- _YOUR ASSIGNMENT_
Each record that follows is to be reproduced character for character, pictures excepted.

========

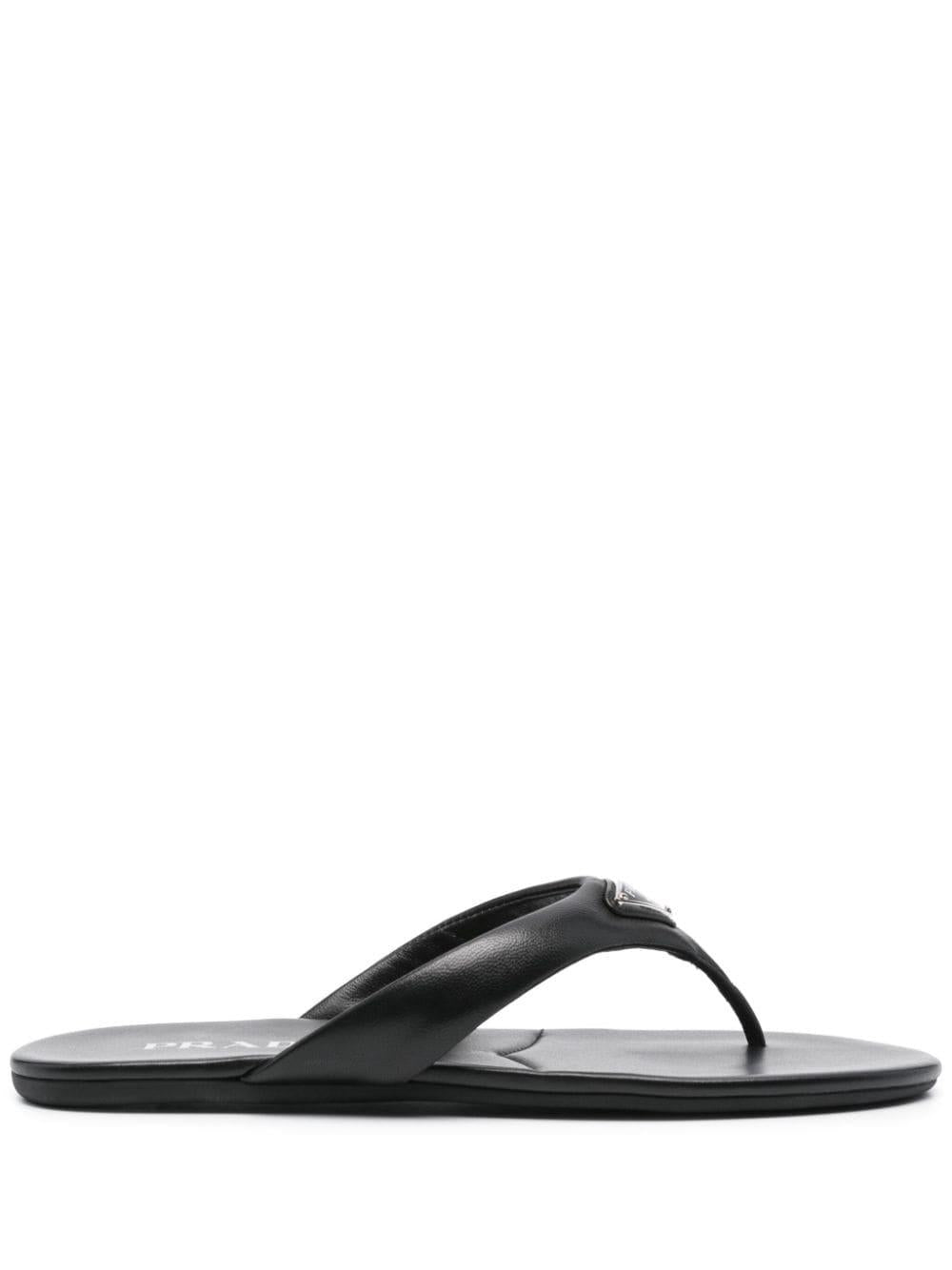 enamel-triangle leather flip flops 1Y456N F 005 2DL8F0002 PRADA 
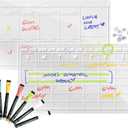 Acrylic Magnetic Monthly & Weekly Calendar for Fridge - Clear Dry Erase Board Set of 2 with 6 Color Markers (5 Colors), Reusable Planner for Home, Office (16"x12") - Gratitude and Goal Tracker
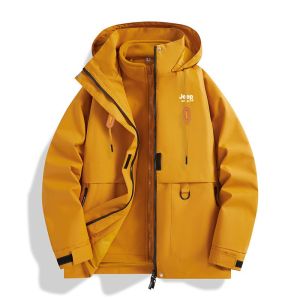 JEEP SPIRIT 3 In 1 Winter Windproof Waterproof Jacket For Women Mountain Climbing Jacket Removable Hooded Jacket In Yellow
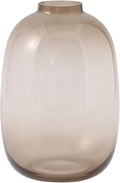 Brown Glass Vase, 10 Inches Large Glass Vase, Tall Glass Vases for Flowers, Modern Round Vases for Living Room, Dining Table, Shelf, Wedding, Office, Home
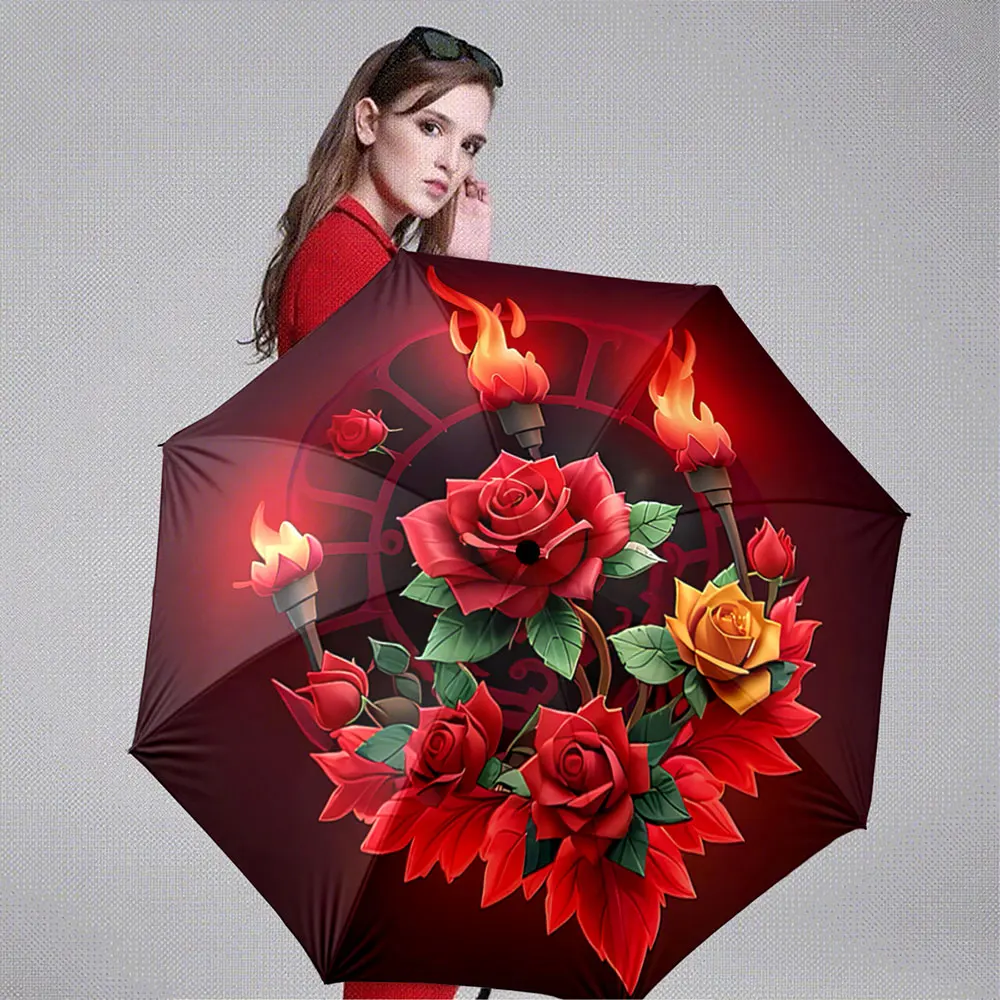 Fiery Red Roses Design with Flaming Torches on Dark Background Portable Folding Umbrella, Gift for Family And Friends
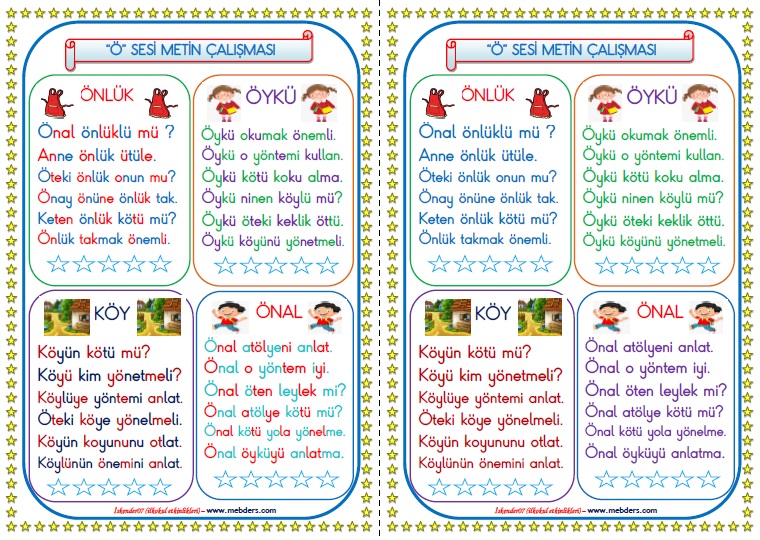 1. Sınıf Ö-ö Sesi Metin Çalışması (4 Farklı METİN)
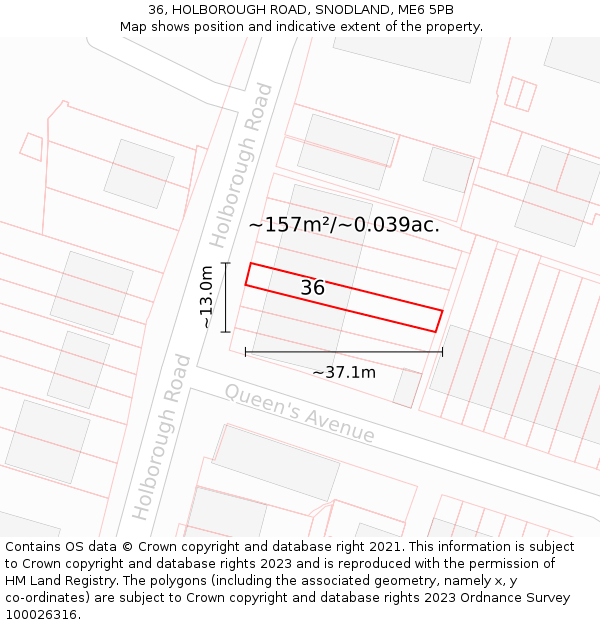 36, HOLBOROUGH ROAD, SNODLAND, ME6 5PB: Plot and title map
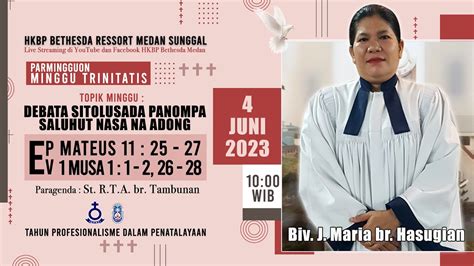 Ibadah Minggu Trinitatis Juni Youtube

========

- _EXERCISE SOLUTION_
 enamel-triangle leather flip flops 1Y456N F 005 2DL8F0002 PRADA 
 Acrylic Magnetic Monthly & Weekly Calendar for Fridge - Clear Dry Erase Board Set of 2 with 6 Color Markers (5 Colors), Reusable Planner for Home, Office (16"x12") - Gratitude and Goal Tracker
 JEEP SPIRIT 3 In 1 Winter Windproof Waterproof Jacket For Women Mountain Climbing Jacket Removable Hooded Jacket In Yellow
 Brown Glass Vase, 10 Inches Large Glass Vase, Tall Glass Vases for Flowers, Modern Round Vases for Living Room, Dining Table, Shelf, Wedding, Office, Home
 Fiery Red Roses Design with Flaming Torches on Dark Background Portable Folding Umbrella, Gift for Family And Friends
 1. Sınıf Ö-ö Sesi Metin Çalışması (4 Farklı METİN)
 36, HOLBOROUGH ROAD, SNODLAND, ME6 5PB: Plot and title map
 Ibadah Minggu Trinitatis Juni Youtube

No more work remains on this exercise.